> Exercise brief:
Each record must be copied in full and unchanged; any image it holds is excluded.

> Information:
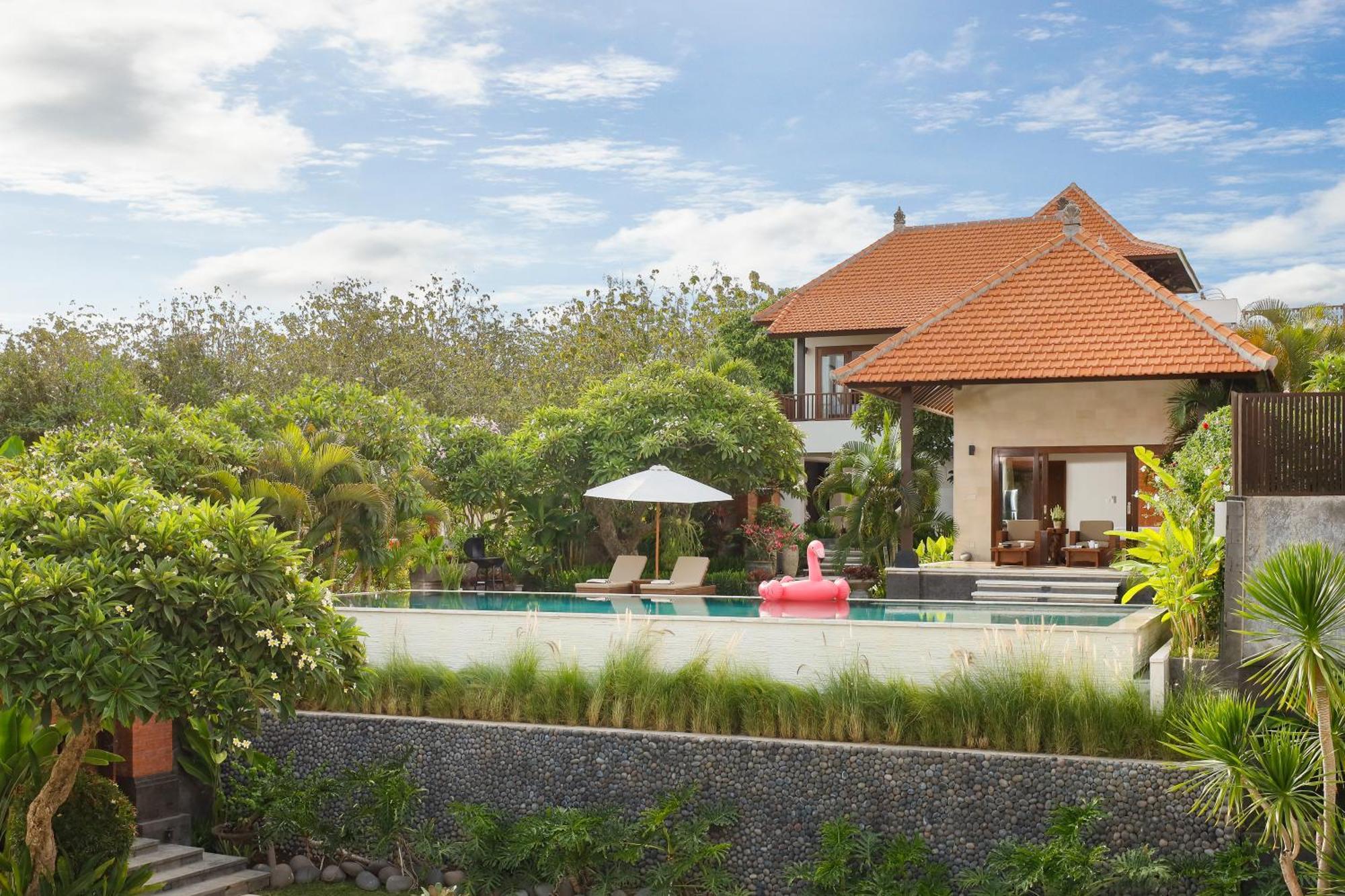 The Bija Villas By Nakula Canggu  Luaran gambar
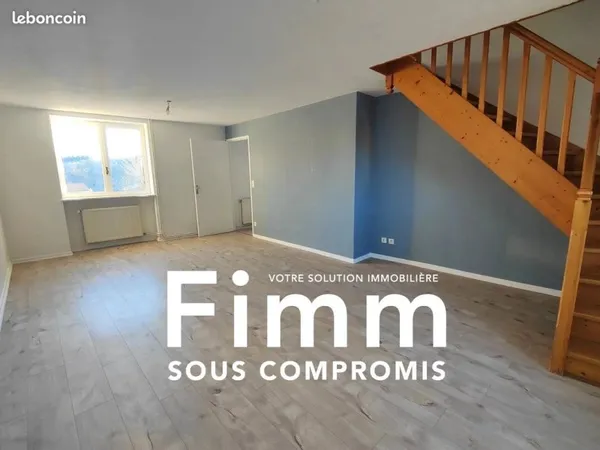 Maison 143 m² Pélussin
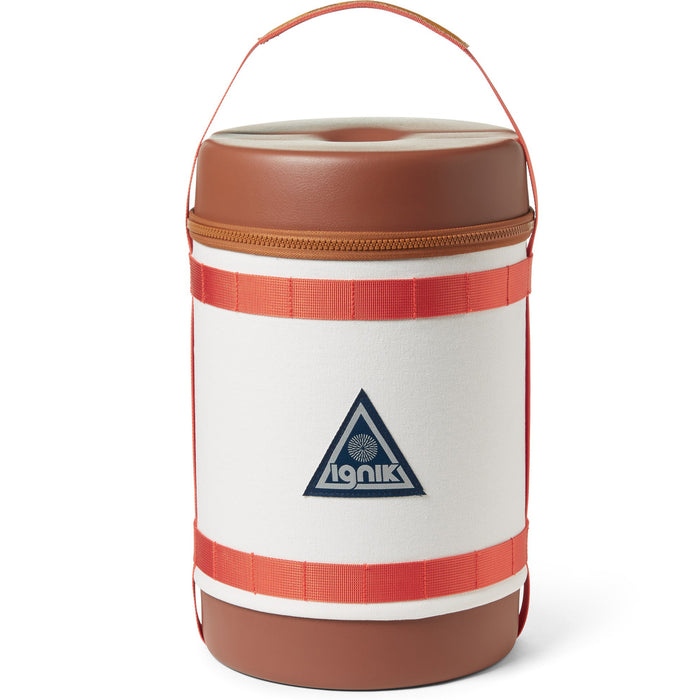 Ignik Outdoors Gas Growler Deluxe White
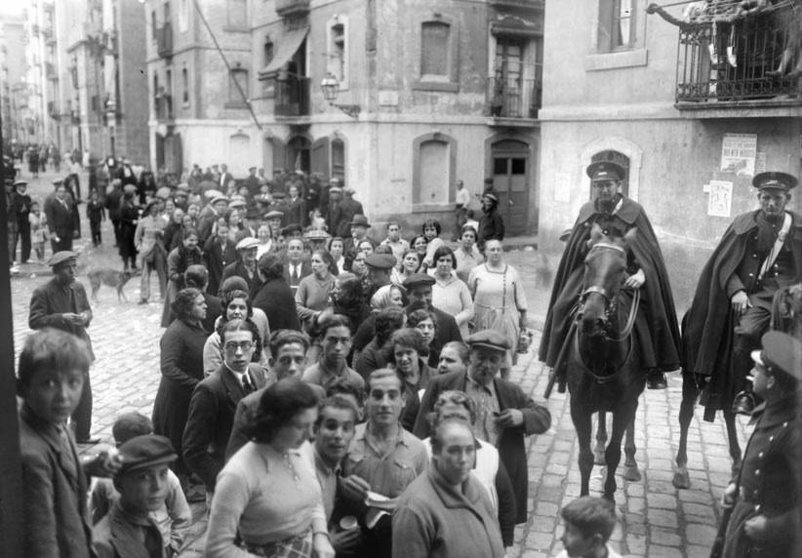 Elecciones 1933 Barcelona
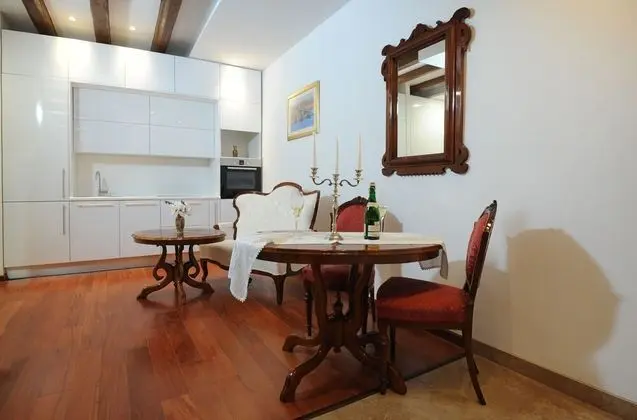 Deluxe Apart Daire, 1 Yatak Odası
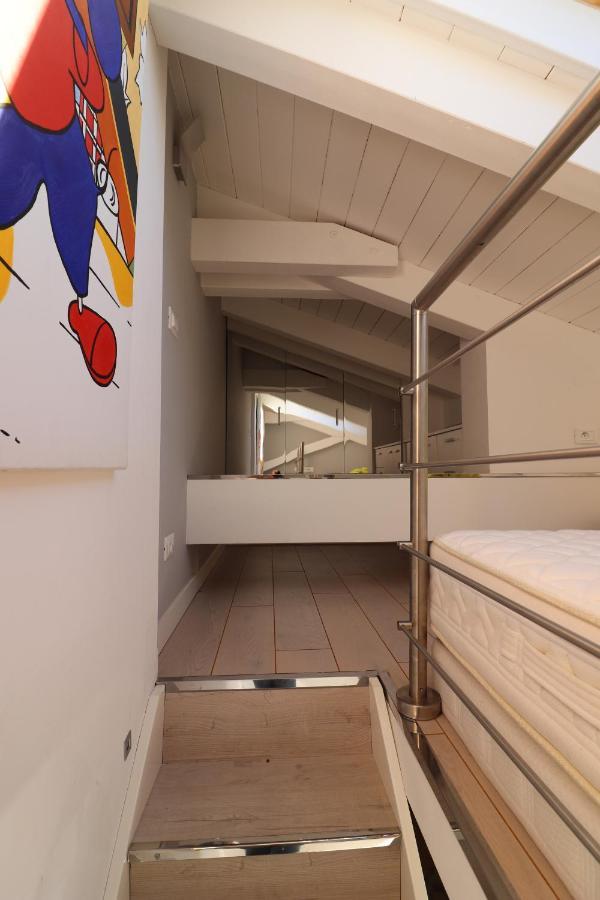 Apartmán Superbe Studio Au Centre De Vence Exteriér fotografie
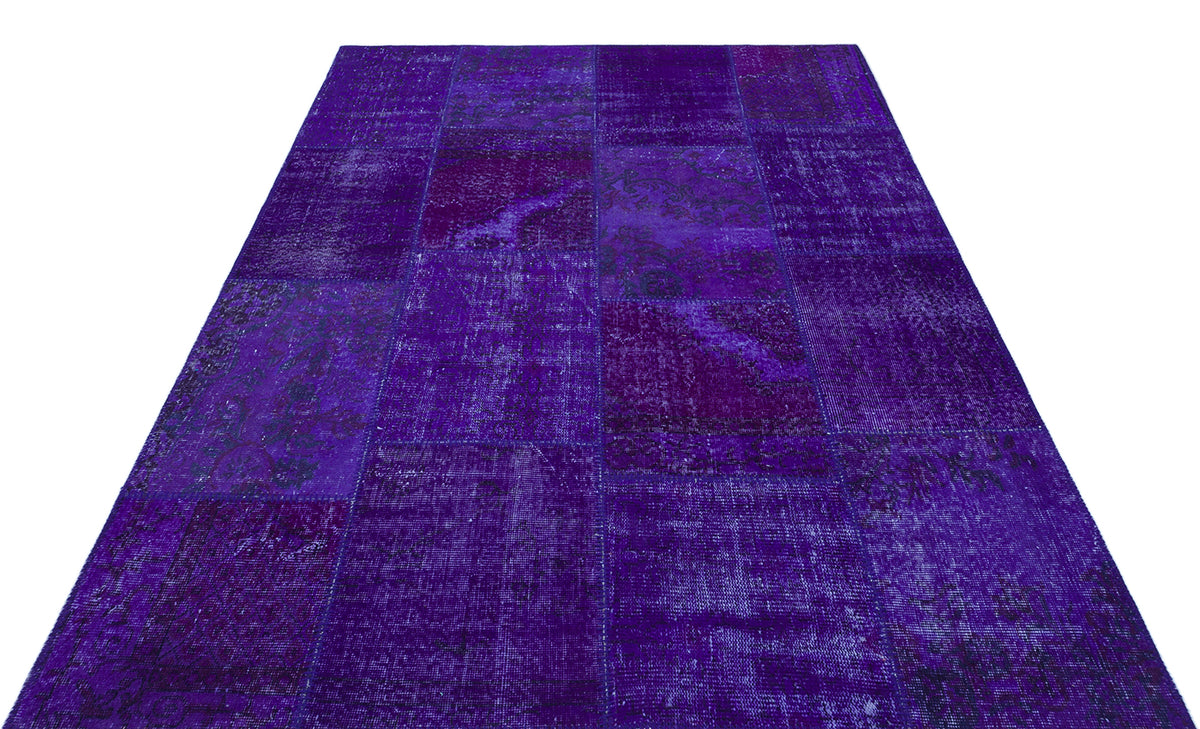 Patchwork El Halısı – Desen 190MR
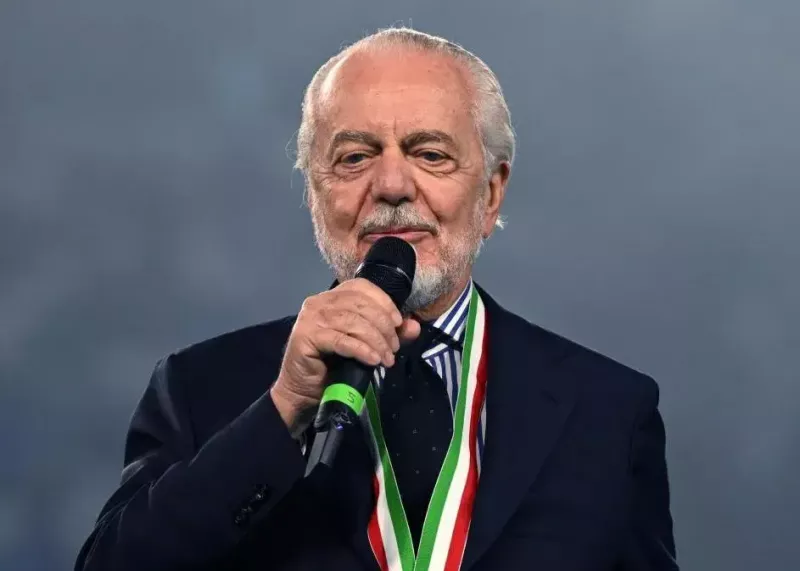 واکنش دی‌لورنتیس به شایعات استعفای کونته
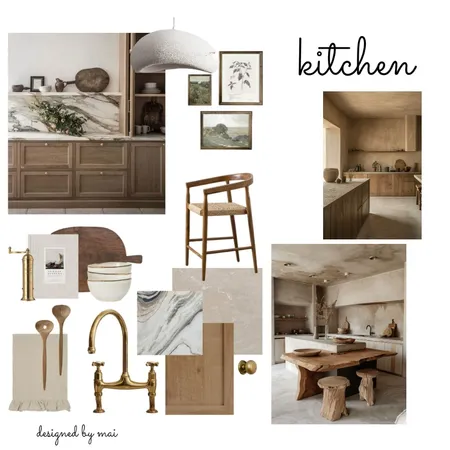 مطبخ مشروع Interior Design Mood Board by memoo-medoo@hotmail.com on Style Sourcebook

> Task output:
 The Bija Villas By Nakula Canggu  Luaran gambar
 Maison 143 m² Pélussin
 Ignik Outdoors Gas Growler Deluxe White
 Elecciones 1933 Barcelona
 Deluxe Apart Daire, 1 Yatak Odası
 Apartmán Superbe Studio Au Centre De Vence Exteriér fotografie
 Patchwork El Halısı – Desen 190MR
 واکنش دی‌لورنتیس به شایعات استعفای کونته
 مطبخ مشروع Interior Design Mood Board by memoo-medoo@hotmail.com on Style Sourcebook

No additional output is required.